Even if a definition of the term is very difficult, there is no doubt that the combination of massive amounts of data -big data how it is called nowadays- and the rise of highly efficient processing units -GPUs- is one key to the success of Deep Learning. Today, we are able to learn classifiers for a couple of thousand categories with more than ten million input samples. That is quite impressive and as the results of some competitions show the models get better and better every year.
The idea to begin with simple features and compose them into higher level features is not only biologically more plausible than handcrafted features, but they also seem to work very good. Especially convolutional networks are very useful to visualize how the model learns to combine primitive features stepwise into concepts like a cat, a car or a flower. In case of the image domain, all we need is to label images. That is expensive, but we do not have to face problems that it is not clear if the animal on a picture is a dog or a cat. Sure, sometimes it can be challenging but at the end, it is not a matter of personal taste. We talked about this in earlier posts. For the music domain, it is much harder because genres might overlap and of course genres itself might be ambiguous. However, in case of unsupervised learned, this is no problem because in that case, the features are derived directly from the audio and no labels are used.
Now, let’s talk about movies. As we already explained, in this domain, we do no have access to any native features.
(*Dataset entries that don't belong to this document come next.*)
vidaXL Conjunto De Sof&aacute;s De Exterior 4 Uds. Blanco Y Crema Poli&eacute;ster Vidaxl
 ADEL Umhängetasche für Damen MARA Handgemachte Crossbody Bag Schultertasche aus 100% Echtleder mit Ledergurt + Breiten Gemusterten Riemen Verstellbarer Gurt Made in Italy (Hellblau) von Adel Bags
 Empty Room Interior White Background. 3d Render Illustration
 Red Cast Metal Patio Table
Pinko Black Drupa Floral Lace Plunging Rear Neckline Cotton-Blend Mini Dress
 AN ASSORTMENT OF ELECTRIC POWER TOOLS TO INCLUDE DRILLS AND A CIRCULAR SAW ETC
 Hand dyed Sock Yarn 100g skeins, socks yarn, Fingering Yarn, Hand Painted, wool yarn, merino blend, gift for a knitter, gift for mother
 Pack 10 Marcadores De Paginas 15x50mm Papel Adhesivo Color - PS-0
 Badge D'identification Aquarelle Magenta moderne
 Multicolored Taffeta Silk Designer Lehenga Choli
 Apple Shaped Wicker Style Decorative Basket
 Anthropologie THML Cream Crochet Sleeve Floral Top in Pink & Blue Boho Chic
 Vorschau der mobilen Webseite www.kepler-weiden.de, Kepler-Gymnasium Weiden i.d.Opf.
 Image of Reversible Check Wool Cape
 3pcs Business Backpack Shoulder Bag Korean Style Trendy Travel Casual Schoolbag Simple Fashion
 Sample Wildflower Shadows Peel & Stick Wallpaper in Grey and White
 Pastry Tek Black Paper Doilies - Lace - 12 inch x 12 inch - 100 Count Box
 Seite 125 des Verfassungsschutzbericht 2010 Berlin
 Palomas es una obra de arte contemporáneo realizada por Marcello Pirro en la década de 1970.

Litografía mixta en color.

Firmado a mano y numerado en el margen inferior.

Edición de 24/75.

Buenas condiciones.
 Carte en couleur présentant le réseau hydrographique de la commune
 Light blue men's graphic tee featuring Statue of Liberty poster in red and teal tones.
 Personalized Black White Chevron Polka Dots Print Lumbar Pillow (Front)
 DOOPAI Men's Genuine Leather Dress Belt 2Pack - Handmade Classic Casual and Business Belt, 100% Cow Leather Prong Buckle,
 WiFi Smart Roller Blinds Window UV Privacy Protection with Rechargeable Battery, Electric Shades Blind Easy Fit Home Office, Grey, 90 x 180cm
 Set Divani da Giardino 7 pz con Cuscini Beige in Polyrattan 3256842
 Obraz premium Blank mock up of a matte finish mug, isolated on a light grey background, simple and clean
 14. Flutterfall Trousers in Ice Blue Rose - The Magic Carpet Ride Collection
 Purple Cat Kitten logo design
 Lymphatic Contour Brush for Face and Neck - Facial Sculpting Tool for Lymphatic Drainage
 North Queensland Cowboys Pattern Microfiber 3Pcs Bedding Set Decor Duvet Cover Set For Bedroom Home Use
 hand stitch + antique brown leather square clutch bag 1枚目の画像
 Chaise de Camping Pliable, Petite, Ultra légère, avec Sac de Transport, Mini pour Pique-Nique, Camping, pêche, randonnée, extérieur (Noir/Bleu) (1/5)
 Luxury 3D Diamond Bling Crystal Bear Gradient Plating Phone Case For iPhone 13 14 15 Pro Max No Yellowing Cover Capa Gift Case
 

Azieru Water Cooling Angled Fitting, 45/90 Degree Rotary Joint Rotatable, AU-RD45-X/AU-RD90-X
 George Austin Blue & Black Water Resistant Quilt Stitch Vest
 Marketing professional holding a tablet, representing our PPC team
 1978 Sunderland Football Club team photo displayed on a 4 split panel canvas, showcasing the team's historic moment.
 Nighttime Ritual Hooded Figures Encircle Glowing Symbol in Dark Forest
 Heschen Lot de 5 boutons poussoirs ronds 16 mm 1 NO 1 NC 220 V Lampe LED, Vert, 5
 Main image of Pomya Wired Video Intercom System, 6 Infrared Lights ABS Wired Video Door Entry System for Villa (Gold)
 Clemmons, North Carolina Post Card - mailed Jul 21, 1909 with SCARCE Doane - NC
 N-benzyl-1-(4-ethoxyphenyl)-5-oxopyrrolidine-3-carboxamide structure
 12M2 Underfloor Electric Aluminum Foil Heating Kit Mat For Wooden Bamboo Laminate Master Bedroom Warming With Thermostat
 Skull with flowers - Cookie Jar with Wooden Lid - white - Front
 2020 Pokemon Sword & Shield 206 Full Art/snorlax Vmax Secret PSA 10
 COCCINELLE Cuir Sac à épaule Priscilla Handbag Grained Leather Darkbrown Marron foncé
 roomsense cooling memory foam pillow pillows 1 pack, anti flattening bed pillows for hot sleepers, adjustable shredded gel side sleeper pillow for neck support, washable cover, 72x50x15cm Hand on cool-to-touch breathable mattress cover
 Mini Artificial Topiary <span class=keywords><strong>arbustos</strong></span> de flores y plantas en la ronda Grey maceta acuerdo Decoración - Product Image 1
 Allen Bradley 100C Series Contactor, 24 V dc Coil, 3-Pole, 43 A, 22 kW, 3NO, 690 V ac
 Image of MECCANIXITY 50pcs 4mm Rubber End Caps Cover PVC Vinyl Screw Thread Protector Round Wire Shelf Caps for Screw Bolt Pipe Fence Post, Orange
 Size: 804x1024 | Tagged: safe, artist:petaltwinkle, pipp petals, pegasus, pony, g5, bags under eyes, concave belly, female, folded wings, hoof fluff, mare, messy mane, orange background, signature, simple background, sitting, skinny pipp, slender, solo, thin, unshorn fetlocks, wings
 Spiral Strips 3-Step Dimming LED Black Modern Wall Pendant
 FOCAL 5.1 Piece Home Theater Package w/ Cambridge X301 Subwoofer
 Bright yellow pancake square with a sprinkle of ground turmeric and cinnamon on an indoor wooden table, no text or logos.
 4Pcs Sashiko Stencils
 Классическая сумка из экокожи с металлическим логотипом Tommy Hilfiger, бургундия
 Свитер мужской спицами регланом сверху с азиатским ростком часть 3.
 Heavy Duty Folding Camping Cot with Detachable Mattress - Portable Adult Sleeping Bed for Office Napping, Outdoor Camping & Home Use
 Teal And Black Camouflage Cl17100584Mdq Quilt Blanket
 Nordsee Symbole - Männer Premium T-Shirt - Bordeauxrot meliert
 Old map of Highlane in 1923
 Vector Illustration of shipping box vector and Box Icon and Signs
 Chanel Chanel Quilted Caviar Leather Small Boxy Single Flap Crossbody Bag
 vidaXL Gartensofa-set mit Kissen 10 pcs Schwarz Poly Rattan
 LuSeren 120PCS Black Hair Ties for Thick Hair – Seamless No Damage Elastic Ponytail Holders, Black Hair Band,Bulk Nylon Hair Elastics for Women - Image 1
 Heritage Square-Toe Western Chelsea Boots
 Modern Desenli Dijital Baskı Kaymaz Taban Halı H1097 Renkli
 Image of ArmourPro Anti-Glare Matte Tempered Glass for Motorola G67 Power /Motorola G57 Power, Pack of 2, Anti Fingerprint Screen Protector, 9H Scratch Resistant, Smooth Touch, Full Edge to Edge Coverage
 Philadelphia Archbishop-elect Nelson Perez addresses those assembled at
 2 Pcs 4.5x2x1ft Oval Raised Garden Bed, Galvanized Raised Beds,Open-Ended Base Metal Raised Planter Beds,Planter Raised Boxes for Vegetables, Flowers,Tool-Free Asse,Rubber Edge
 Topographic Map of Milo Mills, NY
In other words, we have to rely on handcrafted features to learn concepts which can be a serious problem because we assume that the features contain enough semantic information to perform hierarchical learning. Besides the features itself, the procedure of feature selection, usually a top-k scheme, hurts the performance a lot because rare features are likely to be very discriminative.
In a nutshell, Deep Learning has been very successful in the domains of music, images, speech and NLP. All these domains provide some kind of native features, so they do not rely on handcrafted features. However, without access to native features, the success of a deep approach cannot be guaranteed, because the feature might lack enough descriptive information and thus higher layers are not able to compose the inferred information into an useful concept.